Why so? Because we need to ensure that we do not introduce any flaws (logic, security, etc.) to the reasoning and consequences. This is based upon RFC 1958 (we are to be ready for every possible "change" - here, a new kind of variant) and RFC 3439 (in a very large system, like the Internet, in which its naming is larger than the Internet itself as it may extend to other technologies, the prevalent principle is the principle of simplicity). Reasoning at the conceptual level gives us a better chance to keep things simple and coherent at the operational level.


Glossary

To mutually understand each others we need to use the same terms with the same meaning. We will probably discover we covered most of the work when we have worked out a common meaning for the terms we use. The current status glossary is at the Multilingualization - Glossary.


Pending issues

alias

alternative given name to a domain name (CNAME) or to an IP address (e.g. Host file). RFC 1034: "CNAME identifies the canonical name of an alias". RFC 2181: " It has been traditional to refer to the label of a CNAME record as "a CNAME". This is unfortunate, as "CNAME" is an abbreviation of "canonical name", and the label of a CNAME record is most certainly not a canonical name. It is, however, an entrenched usage. Care must therefore be taken to be very clear whether the label, or the value (the canonical name) of a CNAME resource record is intended. In this document, the label of a CNAME resource record will always be referred to as an alias."

polynym

alternative name of an address in the same or another language.

orthotypography

The term ‘orthotypography’ is seen from the viewpoint of readability. It means the correct use of typographic signs to convey the intended semantic or context. Also known as "Typographical syntax", orthotypography defines the meaning and rightful usage of typographic signs and cases. Orthotypographic rules may vary broadly from language to language, from country to country, etc.

IDNS

IDNA2008 has split the management of the naming space between the core of the network, its periphery (the Internet Use Interface - IUI) and the external users (as exemplified in RFC 5895). This has introduced a subsidiarity based system which is an integrated, intelligent, international extension of the Internet DNS that can be also used outside of the internet, with other technologies as well.

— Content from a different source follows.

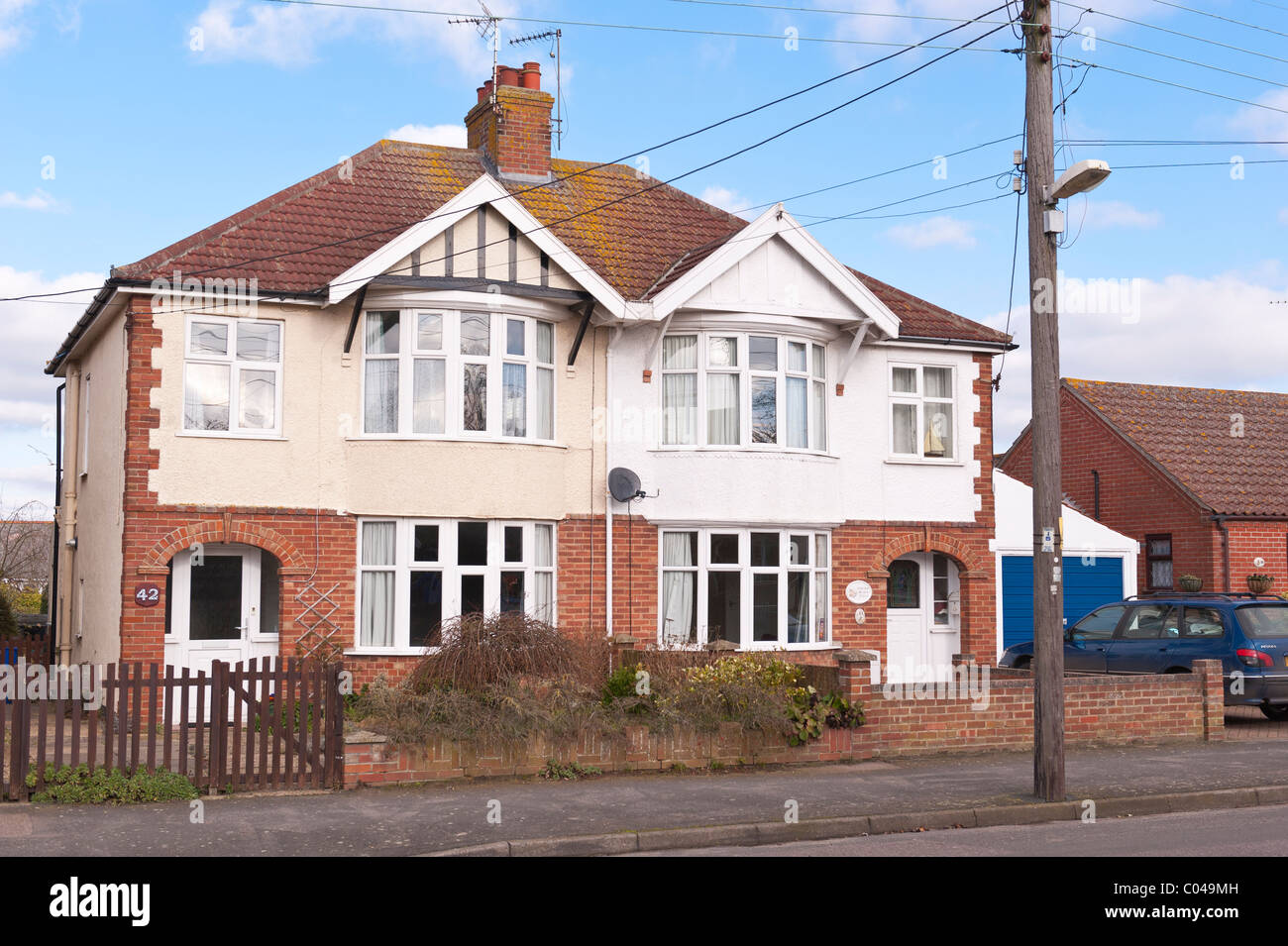 A pair of bay fronted semi detatched houses in Southwold , Suffolk , England , Britain , Uk Stock Photo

It is proposed that the internet part of the whole subsidiary domain name system (SDNS) is named "IDNS". Following this logic
  • "ADN" means ASCII specific (legacy) domain name,
  • "IDN" means regular Internet domain name as supported by IDNA2008,
  • and "UDN" mean UTF-8/16/32 User domain name.

presentation layer

In the Open Systems Interconnection (OSI) communications model, the presentation layer ensures that the communications passing through are in the appropriate form for the recipient. For example, a presentation layer program may format a file transfer request inbinary code to ensure a successful file transfer. Programs in the presentation layer address three aspects of presentation:
  • Data formats - for example, Postscript, ASCII, or binary formats
  • Compatibility with the host operating system
  • Encapsulation of data into message "envelopes" for transmission through the network
An example of a program that generally adheres to the presentation layer of OSI is the program that manages the Web's Hypertext Transfer Protocol (HTTP). This program, sometimes called the HTTP daemon, usually comes included as part of an operating system. It forwards user requests passed to the Web browser on to a Web server elsewhere in the network. It receives a message back from the Web server that includes a Multi-Purpose Internet Mail Extensions (MIME) header. The MIME header indicates the kind of file (text, video, audio, and so forth) that has been received so that an appropriate player utility can be used to present the file to the user.

zonale

A file listing the parameters related to a TLD or to a domain name zone.

graphcode

Table of graphic symbols used as script characters, independently from the language being supported. It could serve as an algorithm for variants and anti-phishing.

Cybship/Cybcraft

The cybship is an image that is taken of a person with his or her digital environment, just as there are seaships or spaceships. Just as there are watercrafts or spacecrafts, a cybcraft is an image that is taken for a person with the sole online digital processor that he/she is currently using.
Using this paradigm matches the WSIS (World Summit on the Information Society) demand for a "people centered/à caractère humain/centrada en la persona" information society. It helps in thinking about the real nature of the world digital ecosystem, of which the Internet is a major part, as being a complex (i.e. intricated) network obeying the Cosmological principle.
As being the "kubernetes" (commanding officer, pilot, helmsman, lead user, etc. along Plato's original concept) of his or her cybship, each person is to assume his/her e-empowerment and decide about the short-term operations, mid-term governance, and long-term adminance of his/her cybship: people are the free masters and commanders of their digital experience and the center of their own "e-world". That is, if they have the liberty to enact the 1st law of cybernetics: "The unit within the system with the most behavioral responses available to it controls the system"; the danger for them is some other (commercial, financial, technical, political, etc.) environmental, contextual, or foreign influences directly or indirectly providing more behavioral responses. The ship image also helps in understanding that one can sail using the influences and counter influences of units of power, the same as the waves and winds (on sea) or attractions (in space), to steer one's own tack.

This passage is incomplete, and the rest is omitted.